Level: Introductory Juan Huerta (huerta@us.ibm.com), Research Staff Member, T. J. Watson Research Center, IBM David Lubensky (davidlu@us.ibm.com), Manager, Advanced Conversational Services, T. J. Watson Research Center, IBM David Nahamoo (nahamoo@us.ibm.com), DGM Human Language Technologies, T. J. Watson Research Center, IBM Roberto Pieraccini (rpieracc@us.ibm.com), Multilingual NL components, T. J. Watson Research Center, IBM T.V. Raman (tvraman@us.ibm.com), Speech/Voice Recognition Research Human Language Technologies, T. J. Watson Research Center, IBM Charlie Wiecha (wiecha@us.ibm.com), Senior Manager, Interaction Middleware and Standards for Portal Server, T. J. Watson Research Center, IBM
07 Oct 2004 Speech application development is evolving to dynamically generated VoiceXML. Now companies can cost-effectively add speech to Web apps and not sacrifice the quality of the resulting Voice User Interface. Reusable Dialog Components, a component framework based on JavaServer Pages, are central to this evolution. Explore this roadmap for driving down the overall cost of creating, deploying, and managing speech solutions. Also, learn how complex speech applications built with today's technologies can interoperate with speech-enabled Web applications for a smooth transition and a seamless user experience.
The speech-technology industry took its first step toward the adoption
of a Web programming model by standardizing VoiceXML, Version 2.0.
First-generation voice-enabled Web applications were mostly built of static
VoiceXML pages.
The next step is a move to complex applications deployed on standard Web servers and implemented through programs that deliver dynamically generated VoiceXML markup. To add speech-enabled Web applications to the mainstream is to adopt uniform programming models to create and deploy these speech-enabled Web applications.
 |
Jumpstart the RDC effort
IBM is spearheading this effort with the initial donation of a set of reference Reusable Dialog Components (RDCs) and the supporting framework integrated within the Java 2 Platform, Enterprise Edition (J2EE) and JavaServer Pages (JSP) programming models. The reference
implementation of this framework is available as open source through
the Apache Jakarta Taglibs project (see Resources).

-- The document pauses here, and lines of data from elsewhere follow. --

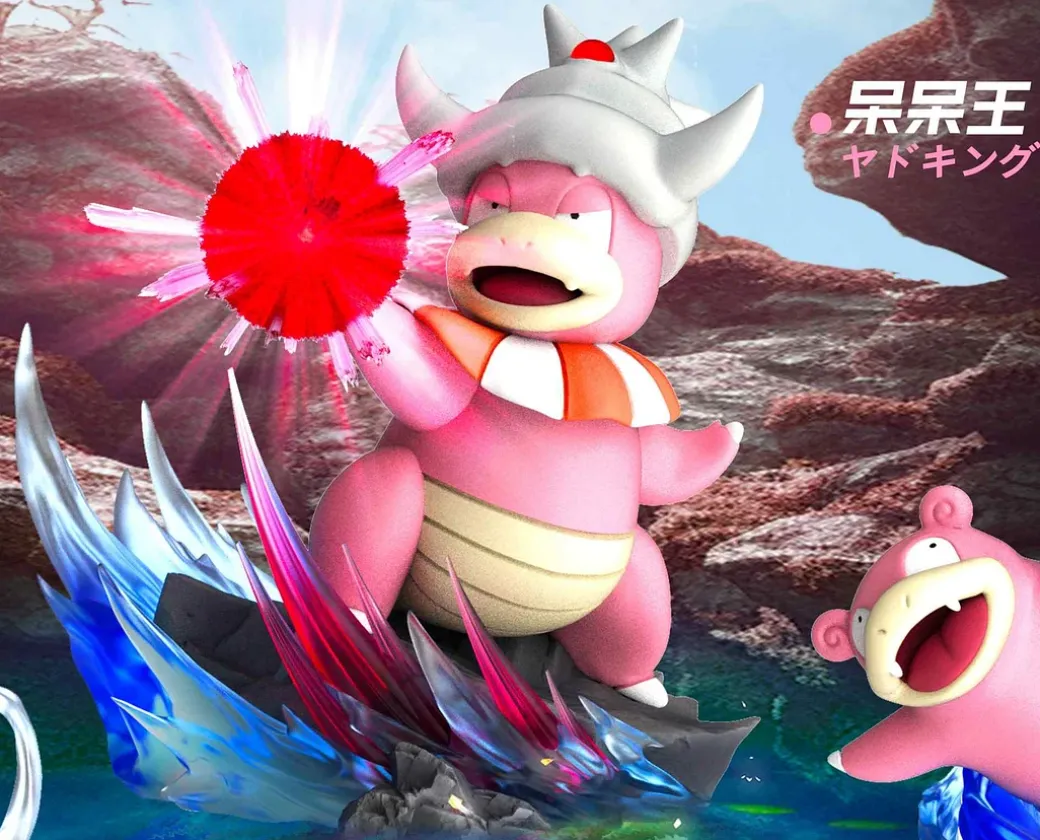 1/20 Scale World Zukan Evolution of Slowpoke Set - Pokemon Resin Statue - DaiDai Studio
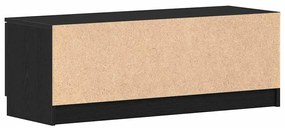 Estante para TV vidaXL Preto Carvalho 102x35x36,5 cm Madeira de engenh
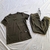 Uniforme Quirúrgico Caballero Verde Cazador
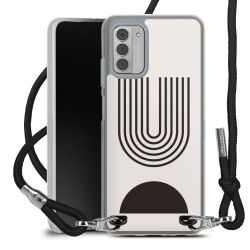 New Carry Case Transparent Stoff schwarz/silber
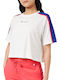 Women's Athletic Blouse Short Sleeve White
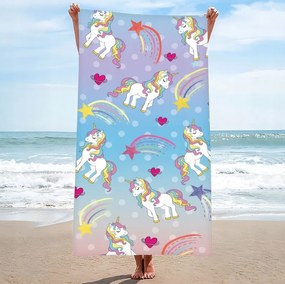 Ręcznik plażowy UNICORN PONNY 100x180 cm kolorowy, 100% mikrofibra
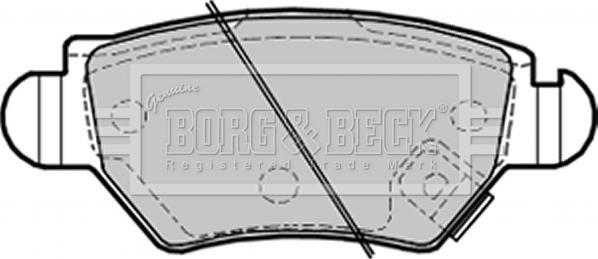 Borg & Beck BBP1687 - Тормозные колодки, дисковые, комплект autodnr.net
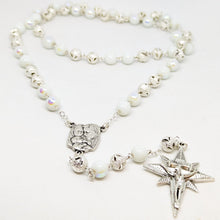 Load image into Gallery viewer, Christmas Rosary - Silver Holy Family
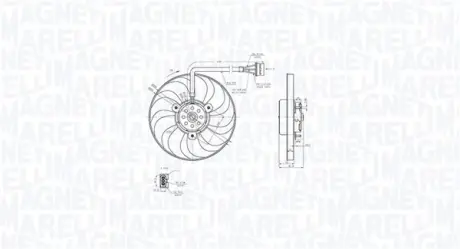 Вентилятор радиатора audi a3, tt, seat arosa, cordoba, ibiza iii, ibiza iv, leon, toledo ii, skoda fabia i, fabia i praktik, fabia ii, octavia i, octavia ii aea-clsa 10.94-05.15 MAGNETI MARELLI 069422883010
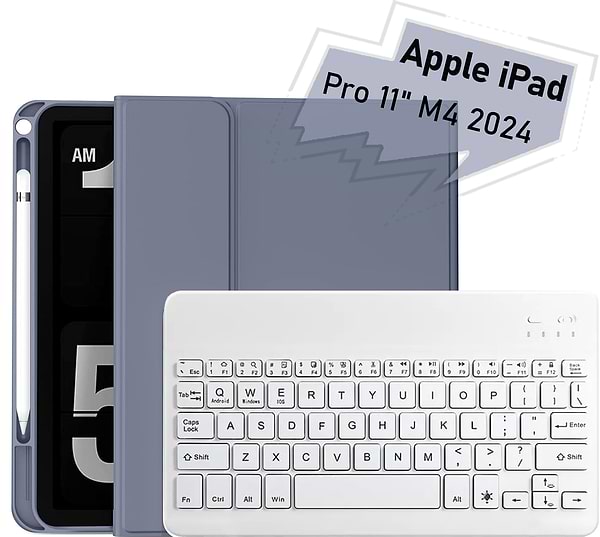 Фото - Чохол-клавіатура для планшета BeCover for Apple iPad Pro 11" M4 2024 Purple (713002)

The initial set of components and the underlying framework is the start of a community effort toward the
evolution of a common programming model for voice interaction based
on J2EE and JSP technology. With this framework, developers can avoid
compartmentalizing speech into its own application-development niche.
Members of the community supporting this initiative can use the framework
and reference implementation according to their business models.
An appeal to Web developers
Unifying the visual and voice Web can lead to a common framework that
consists of collecting and presenting information. Visual Web applications
perform user interaction through widgets assembled on HTML pages. Specialized components that deal with specific types of data, such as money, time, dates, and addresses, help reduce the cost of implementing complex interactive applications and greatly accelerate the development of visual Web applications through the process of customization and reuse.
|
|
On the visual Web, creating sophisticated user interaction is mediated by component libraries that ease the generation of complex HTML pages. The move to dynamically generated VoiceXML requires
similar component libraries that capture best practices in Voice User Interface (VUI) design.
Mainstreaming voice access to the Web changes today's practice of developing entire speech applications to a model where voice access is achieved by replacing the visual view layer with a high-quality VUI. In this model, you develop Web applications using standard application frameworks such as Struts; you achieve voice access by creating appropriate views that are assembled from a set of reusable and configurable components. You need to create such components within a framework that encourages interoperability across components to help unify the speech applications market.
Whereas the visual Web can rely on a persistent visual display backed by
error-free user input, the speech medium is temporal and nonpersistent.
Speech interaction is characterized by a sequence of turns where requests
or pieces of information are alternatively spoken by the system and by the
user. Although it is advancing at a fast pace, speech-recognition technology
is still error-prone and needs to be backed up by confirmation, correction
and reprompting. With prepackaged dialog components, Web developers can more efficiently handle these aspects of conversational interaction and ease the overall task of speech enablement.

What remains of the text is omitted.